## Your instructions
How do the lines below between the ones holding "Snap-On Upper and" and "-MZ SKIN CARE逆齢驻颜中心", inclusive, read? Give them again exactly, with no other lines.
———
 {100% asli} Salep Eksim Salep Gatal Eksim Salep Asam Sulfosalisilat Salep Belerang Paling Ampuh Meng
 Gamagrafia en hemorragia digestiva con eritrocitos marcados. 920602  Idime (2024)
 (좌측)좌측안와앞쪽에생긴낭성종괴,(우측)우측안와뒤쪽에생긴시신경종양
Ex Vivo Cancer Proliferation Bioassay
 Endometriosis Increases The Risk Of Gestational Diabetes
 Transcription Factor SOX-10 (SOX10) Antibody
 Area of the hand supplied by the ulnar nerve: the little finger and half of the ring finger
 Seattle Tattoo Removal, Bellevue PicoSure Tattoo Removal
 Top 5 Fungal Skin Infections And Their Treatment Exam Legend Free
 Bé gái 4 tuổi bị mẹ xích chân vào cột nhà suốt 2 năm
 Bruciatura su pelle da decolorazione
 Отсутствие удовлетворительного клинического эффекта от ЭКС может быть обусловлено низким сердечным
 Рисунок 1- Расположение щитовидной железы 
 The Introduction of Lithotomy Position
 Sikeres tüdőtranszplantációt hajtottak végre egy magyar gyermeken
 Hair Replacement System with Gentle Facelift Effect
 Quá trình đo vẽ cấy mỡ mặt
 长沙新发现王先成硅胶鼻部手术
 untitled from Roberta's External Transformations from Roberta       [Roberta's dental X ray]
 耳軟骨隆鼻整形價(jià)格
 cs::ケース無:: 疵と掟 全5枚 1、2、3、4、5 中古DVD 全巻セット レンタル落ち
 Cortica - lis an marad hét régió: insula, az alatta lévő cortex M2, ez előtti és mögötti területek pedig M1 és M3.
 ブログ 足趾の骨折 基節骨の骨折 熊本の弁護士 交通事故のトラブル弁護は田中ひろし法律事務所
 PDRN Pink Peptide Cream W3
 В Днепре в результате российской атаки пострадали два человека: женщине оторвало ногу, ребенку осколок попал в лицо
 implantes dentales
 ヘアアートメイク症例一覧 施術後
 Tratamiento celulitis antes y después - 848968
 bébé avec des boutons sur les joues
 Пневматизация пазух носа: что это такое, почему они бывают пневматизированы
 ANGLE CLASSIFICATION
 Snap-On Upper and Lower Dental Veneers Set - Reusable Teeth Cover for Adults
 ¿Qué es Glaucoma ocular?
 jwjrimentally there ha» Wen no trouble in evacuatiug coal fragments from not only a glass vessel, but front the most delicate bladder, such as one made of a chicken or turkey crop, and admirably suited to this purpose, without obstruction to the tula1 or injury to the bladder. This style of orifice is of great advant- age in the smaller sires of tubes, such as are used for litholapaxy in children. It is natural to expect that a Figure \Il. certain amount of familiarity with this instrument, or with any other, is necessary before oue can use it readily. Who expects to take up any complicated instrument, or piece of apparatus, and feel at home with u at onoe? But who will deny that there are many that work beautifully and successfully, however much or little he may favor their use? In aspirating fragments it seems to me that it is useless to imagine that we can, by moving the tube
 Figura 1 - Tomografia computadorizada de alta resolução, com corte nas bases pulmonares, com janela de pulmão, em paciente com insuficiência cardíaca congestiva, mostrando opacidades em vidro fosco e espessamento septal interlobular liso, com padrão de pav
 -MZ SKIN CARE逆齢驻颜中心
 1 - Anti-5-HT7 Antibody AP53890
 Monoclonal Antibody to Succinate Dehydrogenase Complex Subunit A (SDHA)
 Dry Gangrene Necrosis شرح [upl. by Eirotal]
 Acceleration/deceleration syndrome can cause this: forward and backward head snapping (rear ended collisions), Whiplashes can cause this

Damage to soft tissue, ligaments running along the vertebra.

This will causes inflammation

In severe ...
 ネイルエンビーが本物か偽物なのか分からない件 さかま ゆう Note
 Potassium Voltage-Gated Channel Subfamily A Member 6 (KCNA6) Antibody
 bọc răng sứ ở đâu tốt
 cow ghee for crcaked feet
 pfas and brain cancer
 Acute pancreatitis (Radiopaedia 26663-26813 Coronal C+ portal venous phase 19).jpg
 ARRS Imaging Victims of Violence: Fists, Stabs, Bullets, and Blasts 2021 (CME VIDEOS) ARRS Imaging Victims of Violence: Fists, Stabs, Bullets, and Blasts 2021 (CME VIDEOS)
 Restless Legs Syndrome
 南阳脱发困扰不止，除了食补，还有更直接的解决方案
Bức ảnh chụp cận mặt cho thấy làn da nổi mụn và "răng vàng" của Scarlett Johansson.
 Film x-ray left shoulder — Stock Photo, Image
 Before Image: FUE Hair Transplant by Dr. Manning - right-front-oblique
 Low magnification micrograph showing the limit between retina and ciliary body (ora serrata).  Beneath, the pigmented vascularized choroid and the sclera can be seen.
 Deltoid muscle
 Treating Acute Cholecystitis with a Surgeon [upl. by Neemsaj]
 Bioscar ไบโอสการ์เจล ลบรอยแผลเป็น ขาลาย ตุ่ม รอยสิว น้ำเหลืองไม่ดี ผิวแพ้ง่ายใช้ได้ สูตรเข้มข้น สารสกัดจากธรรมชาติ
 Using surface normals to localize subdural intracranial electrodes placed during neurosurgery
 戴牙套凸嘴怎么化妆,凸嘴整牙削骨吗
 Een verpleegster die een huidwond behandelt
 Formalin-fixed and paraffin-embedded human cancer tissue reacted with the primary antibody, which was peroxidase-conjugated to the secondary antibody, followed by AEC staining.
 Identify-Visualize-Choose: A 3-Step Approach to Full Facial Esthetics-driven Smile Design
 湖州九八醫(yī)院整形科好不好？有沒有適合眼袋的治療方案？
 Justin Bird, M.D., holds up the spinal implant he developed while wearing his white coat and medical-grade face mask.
———
## Result of the exercise
 Snap-On Upper and Lower Dental Veneers Set - Reusable Teeth Cover for Adults
 ¿Qué es Glaucoma ocular?
 jwjrimentally there ha» Wen no trouble in evacuatiug coal fragments from not only a glass vessel, but front the most delicate bladder, such as one made of a chicken or turkey crop, and admirably suited to this purpose, without obstruction to the tula1 or injury to the bladder. This style of orifice is of great advant- age in the smaller sires of tubes, such as are used for litholapaxy in children. It is natural to expect that a Figure \Il. certain amount of familiarity with this instrument, or with any other, is necessary before oue can use it readily. Who expects to take up any complicated instrument, or piece of apparatus, and feel at home with u at onoe? But who will deny that there are many that work beautifully and successfully, however much or little he may favor their use? In aspirating fragments it seems to me that it is useless to imagine that we can, by moving the tube
 Figura 1 - Tomografia computadorizada de alta resolução, com corte nas bases pulmonares, com janela de pulmão, em paciente com insuficiência cardíaca congestiva, mostrando opacidades em vidro fosco e espessamento septal interlobular liso, com padrão de pav
 -MZ SKIN CARE逆齢驻颜中心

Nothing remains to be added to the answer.